The Attempt at a Solution

a)a second bat is approaching the first at a constant speed of 8m/s when it detects the emitted waves. What is the frequency of the waves that second bat detects?

well I think that I can say that one bat is not moving while the other (bat 2 is) thus it would be a doppler effect.so based on that..(with the observer moving toward source)

v1= 0m/s
v2= 8+10m/s= 18m/s
f'= \frac{v+ vo} {v} f
v= ?
Tc= 35 deg C
so v= 331m/s sqrt(1 + Tc/ 273C)
v_s= 351m/s
f'= \frac{351m/s + 18m/s} {351m/s} 6x10^4Hz= 63,076Hz or 63.076kHz

Is this correct?

b) what is the intensity of the detected pulses if the second bat is 20.0m from the mouth of the first bat?
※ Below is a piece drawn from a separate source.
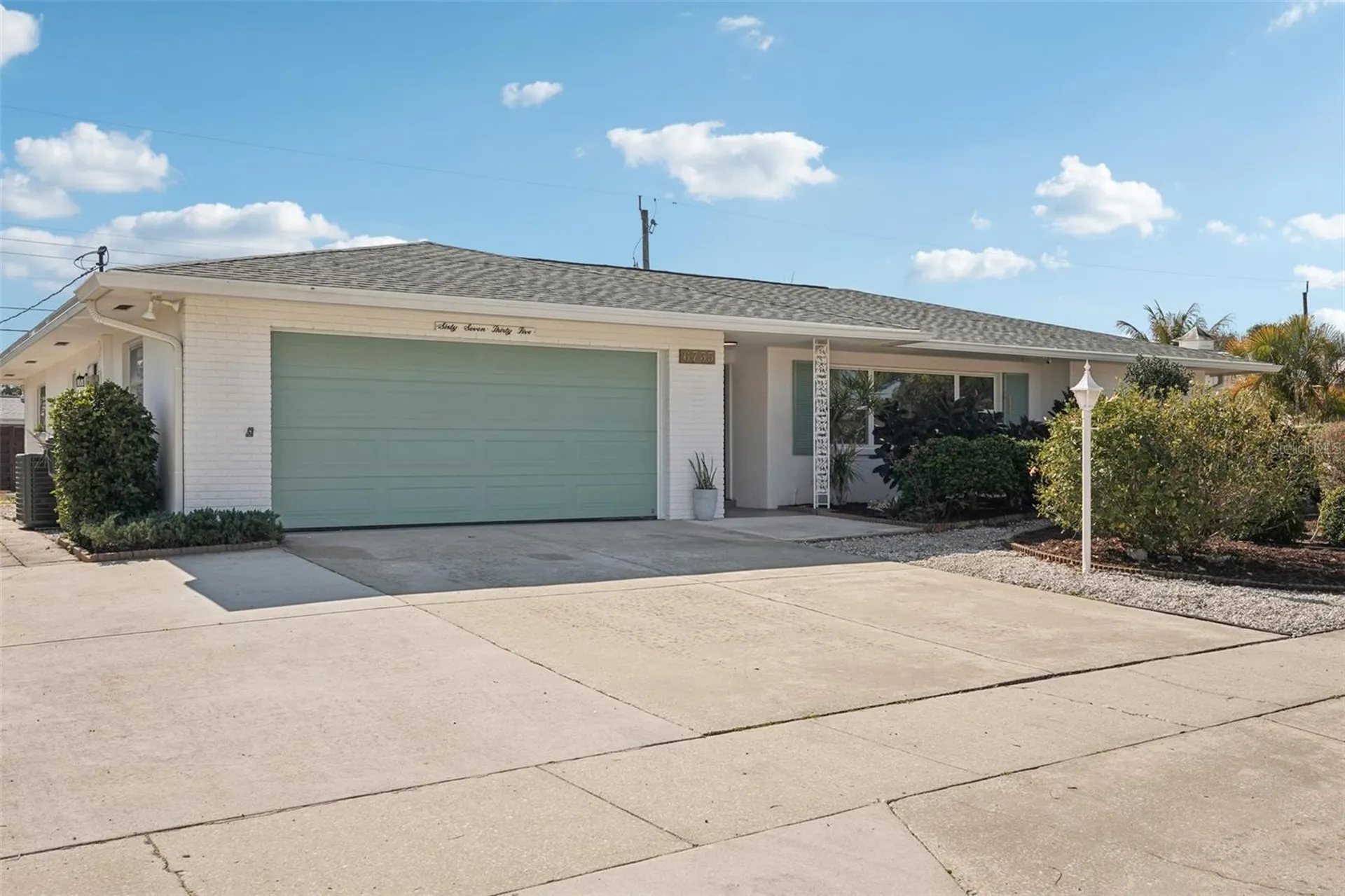 Sarasota FL, 6735 Keystone Drive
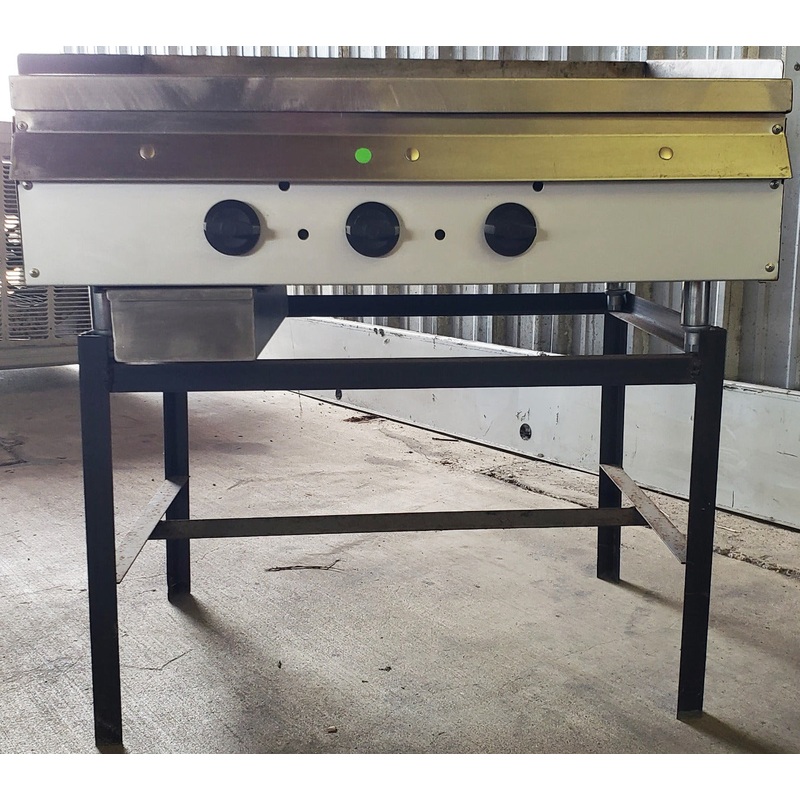 Used Restaurant Equipment - Wolf AGM36-101 Countertop Heavy Duty Natural Gas Griddle with 3 Manual Controls 36" - 81,000 BTU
I think that I would use the inverse square law with
I_1R_1^2= I_2R_2^2

(0.045W/m)(0.05m)^2= (I_2)(20.0m)^2
I_2= 2.81x10^{-7} W/m^2

c) the threshold intensity of bats at this frequency can be taken to be 10^-10W/m^2.
what is the change in sound intensity level as the pulses travel 19.95m?
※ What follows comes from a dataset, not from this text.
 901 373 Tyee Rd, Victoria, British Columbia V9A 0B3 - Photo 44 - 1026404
how do I find change in sound intensity??

threshold intensity given so would I use Intensity I got in part b? and then plug that into I? and find beta?
such as this?
\beta= 10log(\frac{I} {I_o})
\beta= 10log(\frac{2.81x10^-7W/m^2} {10^{-10}W/m^2})
\beta = 34.48dB

HELP
Thank you very much

 

[~christina~]

can anyone see if I did the problem correctly?

Please??

 

[~christina~]

could anyone please tell me if I did this right or not? (I have a test tommorow and want to know if it's correct)

I tried to make the post as short as possible.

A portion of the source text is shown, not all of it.